年齢的に言っても、多少は演奏が熟成してくるのが普通というか、聴く側もそういう期待をするのが自然だと思うのですが、この人にはそれがほとんど感じられないところにむしろびっくりさせられます。もしかすると多くのファンの方々は小山さんのそんなところを、いつまでも失われない初々しさと好意的に捉えておられるのかもしれません。

弾いているのは確かにチャイコフスキーの1番という超メジャー曲にもかかわらず、ほとんどこの曲を聴いているという実感がなく、とくだんの思い入れもないレパートリーの中の1曲をたまたま今弾いているという印象。
小山さんにとっては初めて国際コンクールの決勝で弾き、さらには冒頭でご本人も言っておられましたが、オーケストラと共演したのもこのときが初めてだったということで、若い時にしっかり弾き込んだ曲らしい、手慣れた演奏だろうと思っていたら、その予想はスルリと外されてしまいました。

とりわけこの曲の大仰な叙情性は敢えて排除されたのか、印刷された音符の世界だけがパチャパチャとひろがる様は不思議です。
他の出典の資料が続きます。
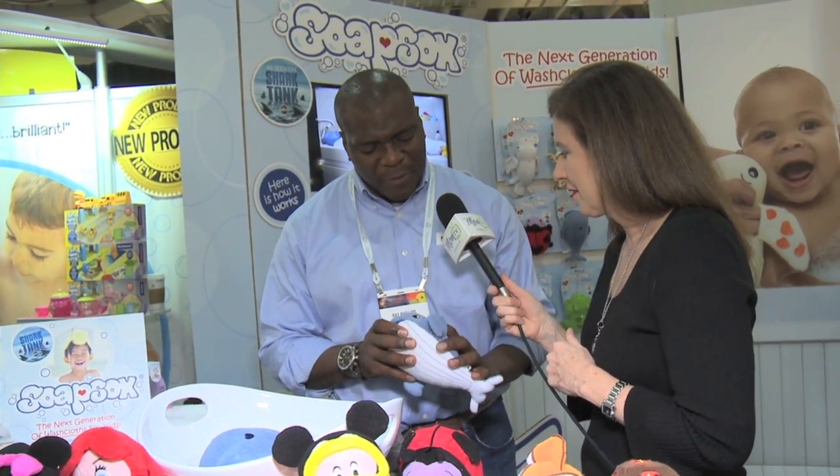So Ray, tell me a little bit about Soap Socks. Soap Socks are the next generation of washcloths for kids. What we did is we took a washcloth material, wrapped it around an antimicrobial sponge. We designed them with finger pockets for ease of use. Kids love our product because you can literally take liquid or bar soap and feed your favorite characters soap during bath time. Then you work them into a lather and it makes bath time fun time for kids. And they're machine washable, so they've been known to make bath time a lot easier for parents and kids.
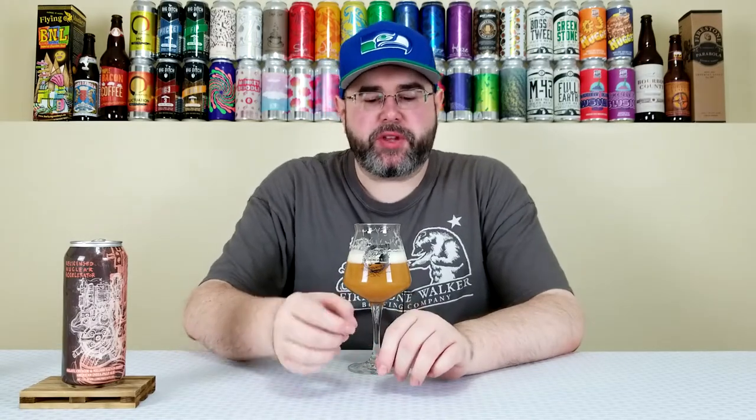Cheers everybody — thanks again Jeff. Yeah, it's a nice beer. For 7%, this has a medium to just-over-medium body. The mouthfeel is soft, smooth, slightly creamy — definitely in the New England or hazy realm. Yeah, the mouthfeel is nice.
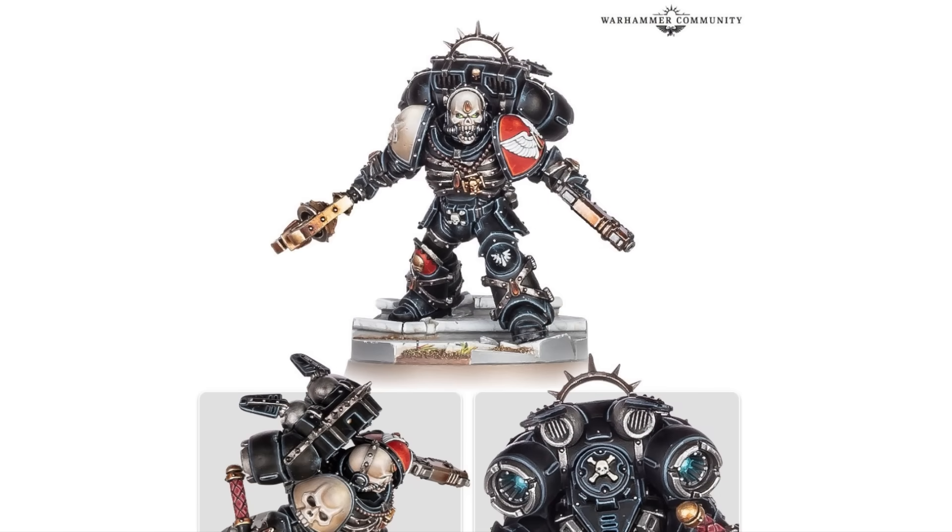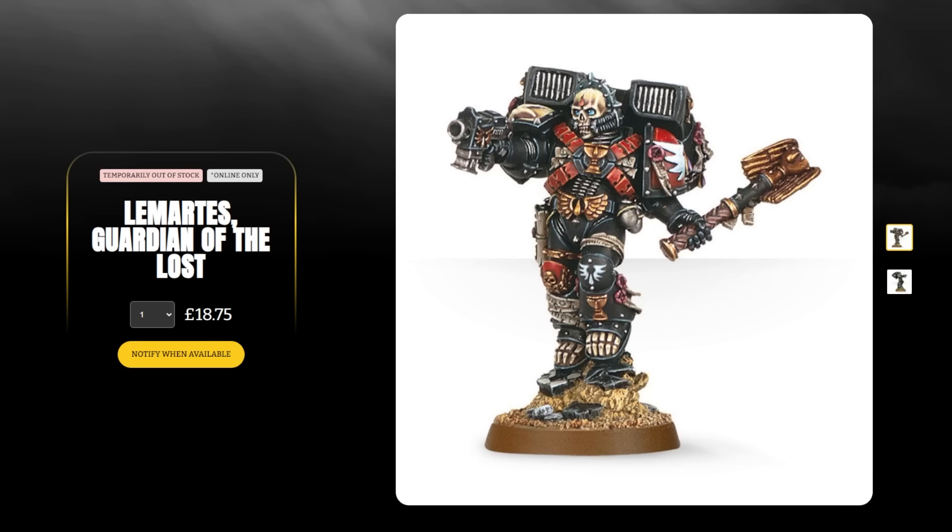Lamartes, Guardian of the Lost, he's back. He's back in black, and I have to admit I have a big soft spot for this — the current sculpt. One of the things I was a little worried about if they were to ever update it was if they went full Koteas, if they just decided to do something totally different. They haven't quite done that. I think a lot of the biggest things are still there.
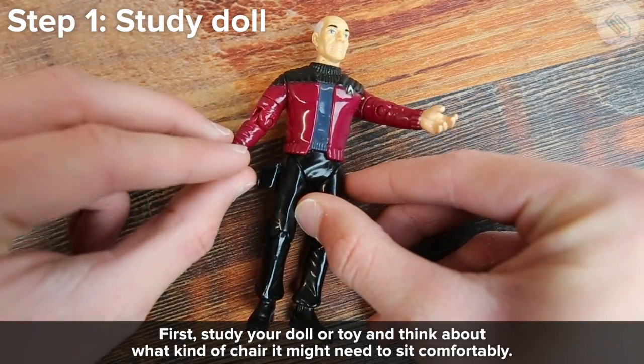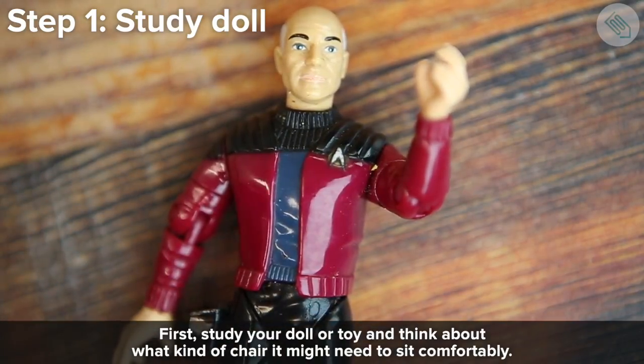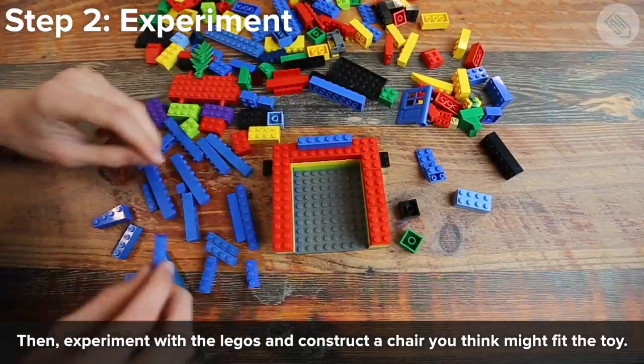First, study your doll or toy and think about what kind of chair it might need to sit comfortably. Then experiment with the Legos and construct a chair you think might fit the toy.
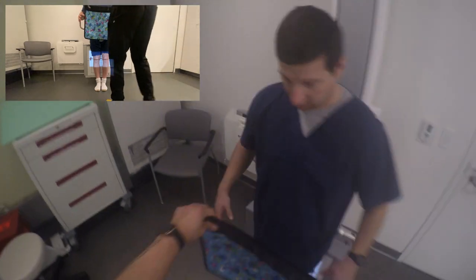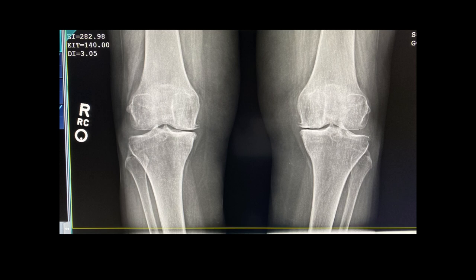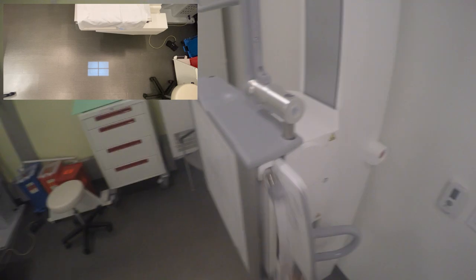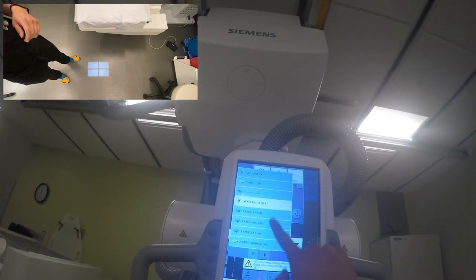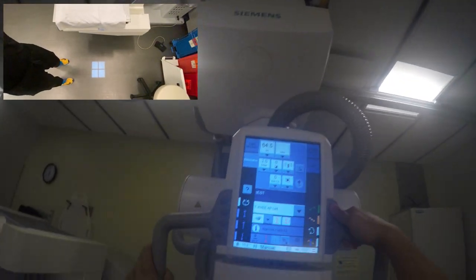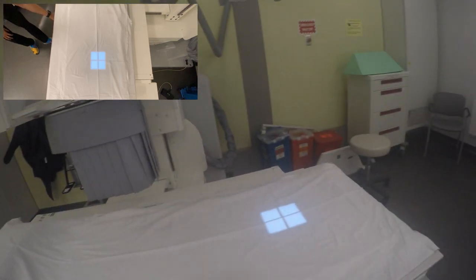Hold it a little bit — check the family jewels. Okay, so now we're going to do the rest of the exam on the table. How's your day going? Good, not too bad, just got the knee pain. Any questions so far? No. We're almost done here — thanks for being patient. No problem, thank you.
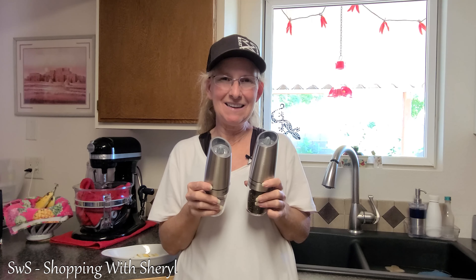Go check them out — there's also a link to follow me on Amazon Live, I'd love to have you follow me over there too. I will see you in the next video. I'm going to go play with my salt and pepper shakers some more!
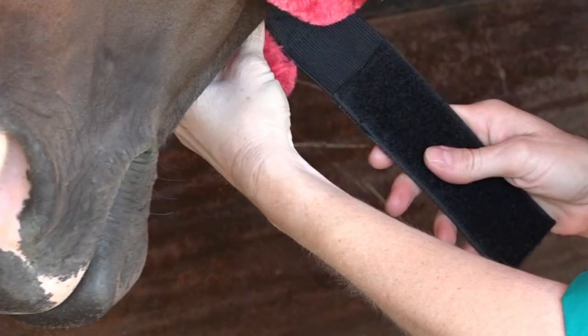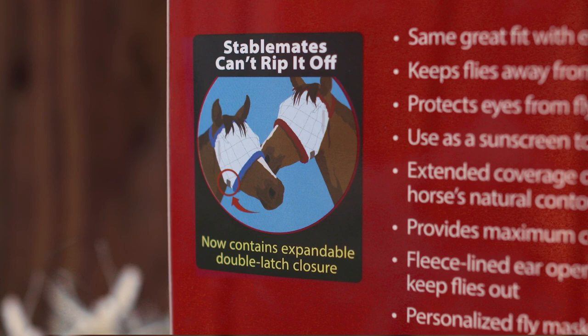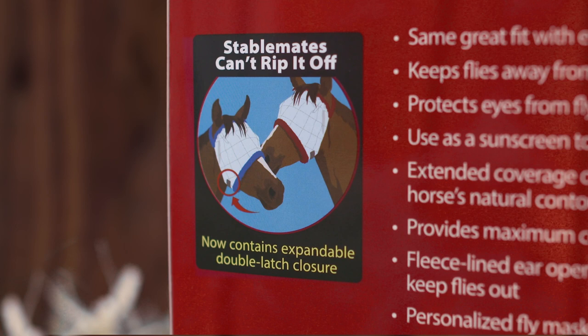The horse-proof double latch closure has an elastic band for optimal fit and to make sure the SuperMask II stays in place. And there's even space on the closure to write the horse's name. Learn more at Farnham.com.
視覚的には、いかにも演奏に集中し、作品からさまざまなことを感じているといった顔の表情とか、いかにもな両腕を上に上げたりとかのモーションであるのに、聴こえてくる音はというと、驚くほどあっけらかんとした無機質なもので、そのビジュアルと音の差にも戸惑ってしまいます。

そうかと思うと、ところどころで盛大に間をとって「ほら、こんなふうに繊細で大切にすべき箇所ではちゃんと一音一音いつくしむようにやっているでしょう?」といった表現もあるけれど、全体と細部が照応せず、辻褄がまるきり合っていないという印象でした。

いっぽう音楽的に要所と思える部分では、えらくスイスイと素通りしてしまうなど、マロニエ君にはおよそ理解のできない演奏のように聞こえるばかりでした。
それでも、音が自分の好みなら、そちらにだけ耳を傾けるという方法もありますが、それは冒頭に書いたとおりで、要するに何もかもがよくわからないまま終わってしまいました。